Ethical decisions for AI
Human beings make decision based on the context, their past and the cultural norms of the society in which they live. AI has no such resources to draw upon. A machine must be programmed not to always make decisions solely based on a mathematical logic but follow an ethical, moral code that human beings have hardwired. A robot needs to know that if a person has run out of meat for dinner, it is unacceptable to cook the cat.
Hard-wiring a complicated ethical code into a machine is a serious challenge for the software developers of today, especially as this decision-making process could make them liable for the consequences. The issue has been brought up often in discussions around autonomous vehicles; the trolley problem of today. What will, and should, a car do in a situation when only one of two lives can be saved — pedestrian or driver? Who makes that decision and who is responsible for the consequences?

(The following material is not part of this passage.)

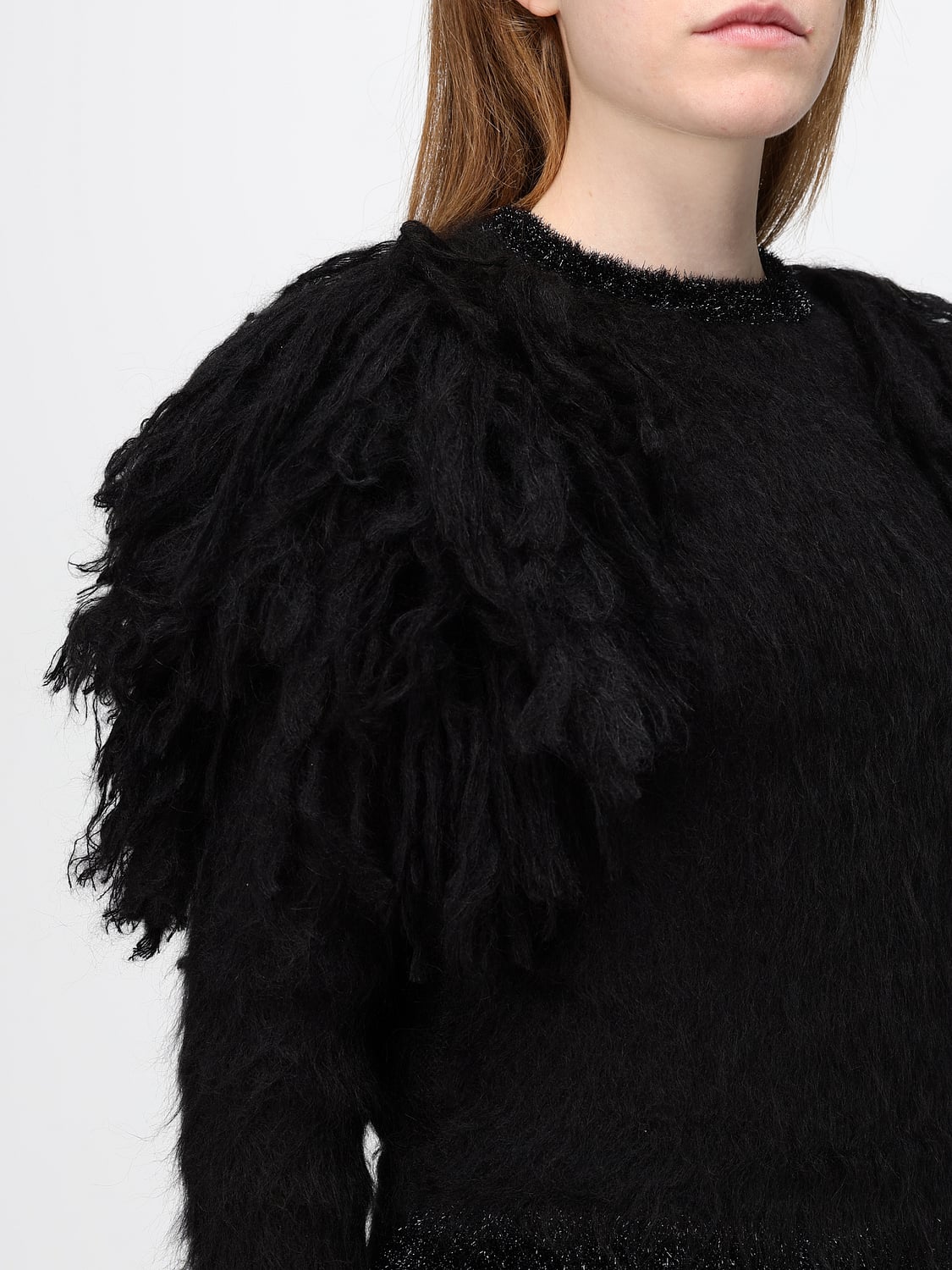 GENNY JERSEY: Jersey Genny de cuello redondo en mohair y alpaca con mangas abullonadas y flecos, Negro - Img 3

Experts have suggested that to remain ethical AI needs to be transparent and trustworthy, working with humans and not as a replacement. AI that takes on cognitive work need to be robust against manipulation, argue researchers from the Machine Intelligence Research Institute. There needs to be a clear proof of the systems and workings of the AI to facilitate an investigation when mistakes are made. If we can’t identify why AI did something, we can’t make sure it doesn’t repeat it.
Cooperation and context
Equally important is cooperation between the parties involved at every step of an AI machine’s design, creation and application. Ethics needs to be considered at the point of creation, entwined in the workings rather than applied in retrospect. It would be easy to imagine the polarisation of software developers or AI manufacturers and ethics committees or risk management experts. As John C Havens, author of Heartifical Intelligence stresses, we “need to inform the AI manufacturing process with programming based on the codification of our deeply held beliefs”. This will be complicated by the commercial nature of AI development and the swift advancements in technology, not to mention the challenge of ‘codifying’ a set of beliefs that all involved can agree on, free from prejudices and bias. Would this vary by country? By industry?

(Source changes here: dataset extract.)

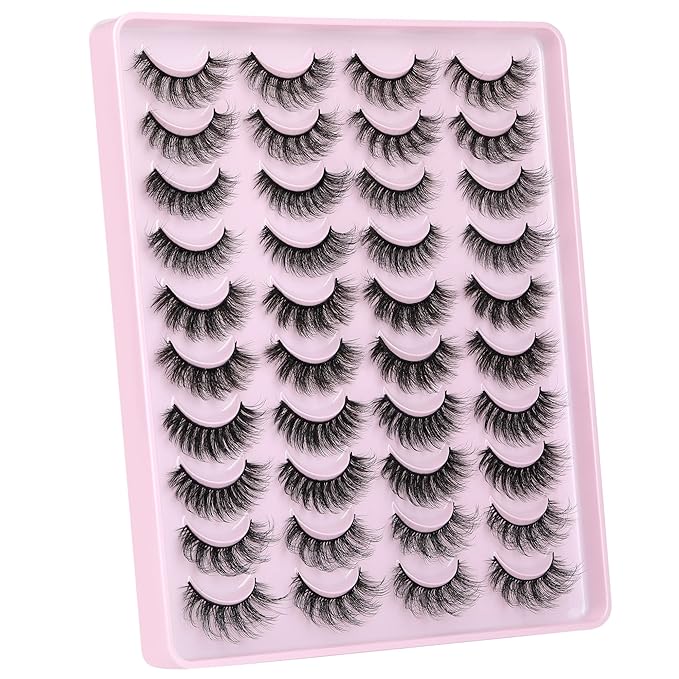 JIMIRE False Eyelashes Natural Fluffy Wispy Faux Mink Lashes 5D 14mm-18mm 5 Styles Mixed Lashes for Small Eyes Natural Look Fake Eyelashes 20 Pairs Multipack-GlimoraGlow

There are also ethical issues to consider beyond the workings of AI and into a wider context: the impact on society and the individual. Unemployment could rise, which psychologists warn could impact mental health, and decisions would need to be made over who benefits from the work of AI and revenue produced. Who would pay the tax required to support a non-working human population? It is likely that a reliance on AI will change human behaviours and interactions — what consequences could there be? We also need to tackle security issues, bias, and potentially even the right of the robots with ‘cognition’.
See opportunities, not limitations
For those who are forging ahead in technology and evolving the capabilities of AI at an extraordinary rate, ethical considerations could be viewed as inhibitors. Ultimately, they are enablers. Technology is only useful to our society if it works with us and our existing systems. Without trust and liability, robust regulations and checks, AI could veer from maliciously lethal to unproductive and ineffective, neither of which are helpful.
Ethicists will come centre stage in the coming years to facilitate the move towards wide scale adoption of AI and ensure automation works for humans and not against them, boosting productivity alongside people. It will be interesting to see how they progress together to facilitate a safe society-wide roll-out of life-changing tech.